But such a nervous reversion to the familiar has not happened in Scotland. If anything, support for independence has stabilised at about 40 per cent. The outcome will therefore depend on how reliably expressions of intention are translated into votes on the day. There is a possibility, although not a very strong one, of a Yes result for which no one either in London or in Scotland is really prepared.

Although that is just an outside chance, it is now probable that the vote for independence will be large enough to keep the issue alive. John Curtice, the Scotland-based doyen of pollsters, offers an important insight into why matters stand as they are. The key to voters’ preference, he explains, is not whether they feel a strong sense of Scottish identity; the overwhelming majority of Scots do. The question is whether they also feel a strong sense of British identity.

In that lies the source of the failure of the No campaign to make greater headway. Its tone has been predominantly negative. Gordon Brown, the former prime minister, has warned his fellow Scots to ponder the future of their pensions. Mark Carney, governor of the Bank of England, and Sir Nicholas Macpherson, permanent secretary to the Treasury, have been called on to express worries about currency and banking. George Robertson, a Scottish former secretary of state for defence and secretary-general of Nato, told the country independence would be “cataclysmic” for the security of the west.

But self-assertion is a common reaction to bullying, especially among Scots. The underdog resisting oppression with aggression, usually pointlessly, is a familiar theme of Scottish lore, from William Wallace to union leader Jimmy Reid’s doomed attempt in the 1970s to keep Upper Clyde Shipbuilders afloat. Scaremongering reinforces Scottish identity while undermining rather than reinforcing British identity.

The underdog resisting oppression with aggression, usually pointlessly, is a theme of Scots historical myth

So the failure of the No campaign is a failure to state powerfully what it means to be British. Perhaps that is because the leaders of that campaign have not been sure what they would say. Political leaders in France or Russia or the US – perhaps even Spain – would not encounter a similar problem. But Britishness has historically been bound up with empire and maritime dominance – both activities to which Scotland made disproportionate contributions. Now that these things have gone, it is hard to say what the multicultural United Kingdom of Great Britain and Northern Ireland represents.
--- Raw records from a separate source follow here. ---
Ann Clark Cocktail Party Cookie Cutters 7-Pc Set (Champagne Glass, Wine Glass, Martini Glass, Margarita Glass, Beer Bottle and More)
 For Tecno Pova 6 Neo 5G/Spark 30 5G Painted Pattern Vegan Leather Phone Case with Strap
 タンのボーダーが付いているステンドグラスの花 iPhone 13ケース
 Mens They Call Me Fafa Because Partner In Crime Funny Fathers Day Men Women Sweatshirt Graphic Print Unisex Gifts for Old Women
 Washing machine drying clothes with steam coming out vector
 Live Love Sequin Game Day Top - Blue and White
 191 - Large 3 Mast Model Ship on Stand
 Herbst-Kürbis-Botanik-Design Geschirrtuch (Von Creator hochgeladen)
The usual mechanism for managing multiple identities is federation. But this is not an answer here, since England counts more than 80 per cent of the UK population and there is no real interest in establishing an English parliament. Yet without one there is no answer to the “West Lothian question”, the anomaly that allows Scottish MPs to vote on issues in England, while English MPs cannot vote on the same issues in Scotland because the relevant functions have been devolved.

This problem is aggravated by the degree to which Scotland’s centre of political gravity differs from that of the rest of the UK. In the past two decades, Scotland has not sent more than one Conservative MP to Westminster, and a likely outcome of the 2015 general election is a Labour government that would lose its majority if Scotland became independent. Prime Minister David Cameron, like Margaret Thatcher before him, appears an alien figure in Scotland. His very accent emphasises that, despite his ancestry, he comes from a different place.

It remains overwhelmingly likely that Scotland will vote in September to remain part of the union. But it is also more likely that the UK is sleepwalking towards disintegration – not in this vote but in the next. Political leaders were wrong to think they would bind the UK together through devolution, and they are probably wrong to believe giving more power to Edinburgh will now have that effect. These moves only strengthen the sense of a distinct Scottish identity. They need instead to make being British something to be proud of.